In this project, we will explore and develop a pipeline to detect vehicles in given video or image. The goals / steps of this project are the following:
- Extract features on a labeled training data provided by Udacity using various techniques including HOG, color transform, hisotrams of colors, and etc.
- Train the Classifier
- Use sliding-window technique to search for vehicles in a given image or video that is identified by classifier.
- Use heat map to reduce false positives and outliers by taking average of heap map over frames.
- Using the averaged heat map, identify bounding box for vehicles detected.

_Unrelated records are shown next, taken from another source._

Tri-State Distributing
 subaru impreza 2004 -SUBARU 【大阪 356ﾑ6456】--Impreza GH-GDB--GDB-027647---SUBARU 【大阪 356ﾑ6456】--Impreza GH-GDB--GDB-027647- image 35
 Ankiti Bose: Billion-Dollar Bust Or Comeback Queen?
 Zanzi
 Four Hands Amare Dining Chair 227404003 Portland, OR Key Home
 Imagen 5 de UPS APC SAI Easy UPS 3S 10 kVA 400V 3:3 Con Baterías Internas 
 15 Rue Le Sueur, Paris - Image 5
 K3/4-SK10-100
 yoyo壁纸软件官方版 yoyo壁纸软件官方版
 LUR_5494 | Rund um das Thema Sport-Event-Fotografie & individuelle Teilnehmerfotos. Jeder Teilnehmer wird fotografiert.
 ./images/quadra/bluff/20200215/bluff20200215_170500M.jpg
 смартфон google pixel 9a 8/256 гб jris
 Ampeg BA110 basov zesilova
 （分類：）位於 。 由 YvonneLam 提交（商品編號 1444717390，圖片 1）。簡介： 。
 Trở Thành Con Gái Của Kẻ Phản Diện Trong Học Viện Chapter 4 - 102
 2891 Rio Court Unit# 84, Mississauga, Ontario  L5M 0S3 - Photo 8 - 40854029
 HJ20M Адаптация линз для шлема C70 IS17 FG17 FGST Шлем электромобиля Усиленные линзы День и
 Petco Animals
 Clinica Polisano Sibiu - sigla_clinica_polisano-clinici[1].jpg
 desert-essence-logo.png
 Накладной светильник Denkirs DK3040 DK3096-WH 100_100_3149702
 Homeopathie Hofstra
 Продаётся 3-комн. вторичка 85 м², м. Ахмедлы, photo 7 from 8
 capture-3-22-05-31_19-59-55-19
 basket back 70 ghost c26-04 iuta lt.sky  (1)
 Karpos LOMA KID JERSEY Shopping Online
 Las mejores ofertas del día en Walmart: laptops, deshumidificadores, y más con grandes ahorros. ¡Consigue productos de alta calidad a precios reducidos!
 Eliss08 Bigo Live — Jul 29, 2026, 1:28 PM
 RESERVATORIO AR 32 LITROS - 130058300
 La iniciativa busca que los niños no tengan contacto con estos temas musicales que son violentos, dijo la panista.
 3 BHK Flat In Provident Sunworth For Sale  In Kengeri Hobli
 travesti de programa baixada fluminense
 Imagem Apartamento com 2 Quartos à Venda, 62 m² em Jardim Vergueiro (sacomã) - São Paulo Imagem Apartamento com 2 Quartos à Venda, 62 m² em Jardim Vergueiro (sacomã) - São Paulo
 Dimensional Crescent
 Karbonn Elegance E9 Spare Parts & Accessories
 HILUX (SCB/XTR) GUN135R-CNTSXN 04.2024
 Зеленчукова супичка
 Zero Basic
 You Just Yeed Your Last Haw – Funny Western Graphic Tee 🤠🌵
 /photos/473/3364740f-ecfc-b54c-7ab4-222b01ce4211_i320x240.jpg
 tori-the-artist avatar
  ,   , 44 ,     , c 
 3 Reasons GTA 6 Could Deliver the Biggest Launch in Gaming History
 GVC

- Integrate Advanced Lane finding project result into the final pipeline.
- Implement the entire pipeline on a given image or video
Different color spaces such as RGB, YUV, LUV, and YCrCb was explored along with adjustment to HOG channels and other parameters. After implementing and testing in several test images and videos for all different settings, optimized configuration was selected. Here is example of exploring color space and HOG.
The parameters with highest accuracy from classifier didn't necesarilly do best in the video. For the pipeline, color space of 'YCrCb', HOG orientation of 9, HOG pixels per cell of 8, HOG cells per block of 2, and all channels of the 'YCrCb' was used for final features. Below is a code for extracting hog features as well as visualization. Code for this step can be found in pipeline.ipynb in functions section.
def get_hog_features(img, orient, pix_per_cell, cell_per_block,
vis=False, feature_vec=True):
# Call with two outputs if vis==True
if vis == True:
features, hog_image = hog(img, orientations=orient,
pixels_per_cell=(pix_per_cell, pix_per_cell),
cells_per_block=(cell_per_block, cell_per_block),
transform_sqrt=True,
visualise=vis, feature_vector=feature_vec)
return features, hog_image
# Otherwise call with one output
else:
features = hog(img, orientations=orient,
pixels_per_cell=(pix_per_cell, pix_per_cell),
cells_per_block=(cell_per_block, cell_per_block),
transform_sqrt=True,
visualise=vis, feature_vector=feature_vec)
return features
Histogram features and Spatial features were added on to the final features also for the final feature length of 6156.
Sample size of 8000 cars and non-cars were used to extract features and train the classifier. For future use, the features were extracted and saved to not run the extraction repeatedly. After extracting the features, StandardScaler function from sklearn was used to normalize the extracted features from different methods so everything can have equal weight.
To define the labels for classifier, all cars were assigned to 1 and non-cars were assigned to 0. The feature set was shuffled and divided into training and test set of 80:20 using train_test_split function from sklearn.
The LinearSVC classifier from sklearn was chosen for the final classifier as it easily achieved the accuracy of 99%. The code for training can be found at pipeline.ipynb 'Train the Classifier' section.
Experimentation with set window size for sliding window search showed that it either missed or mis-classified vehicles. To make the pipeline more robust, scaled window search was used.
As seen on the image above, different sizes of windows were used at different locations of the image to adapt to varying size of vehicles on the image. Having multiple sizes of windows overlapping on the 'Hot' spots where vehicles usually show up made the search more robust. After running the scaled window search in various images and videos, scaled window sizes and overlaps were determined.
To reduce the false positives detected by the classifier and to put a bounding box to the detected vehicle's location, heatmap was implemented.
The number of positive hits by sliding window search made the boxes overlap which was converted into heatmap where it could be thresholded to eliminate the false positive and clean up the positive. Label function from scipy library was used to label heatmap cluster to vehicle. The code can be found at the 'Visualize heat map' sectioin in pipeline.ipynb file.
(https://www.youtube.com/watch?v=UstIcRWLE0Q)
For the video implementation, average of heatmap over 10 frames were used to smooth out the bounding boxes for the detected vehicles and reduce false positives on the video. Lane finding from previous project was also implemented in the video.
By increasing the number of search windows while scaled to different sizes gave the pipeline more robust detection of vehicles but it also increased the process time significantly. To improve the model, optimizing the pipeline to speed the process up would be a priority.
Few things to try in the future would be implementing HOG feature extration in the entire image and not the individual subsampling of slide windows. This would speed up the process significantly. We can also try to use neural network to identify vehicles which could be much faster.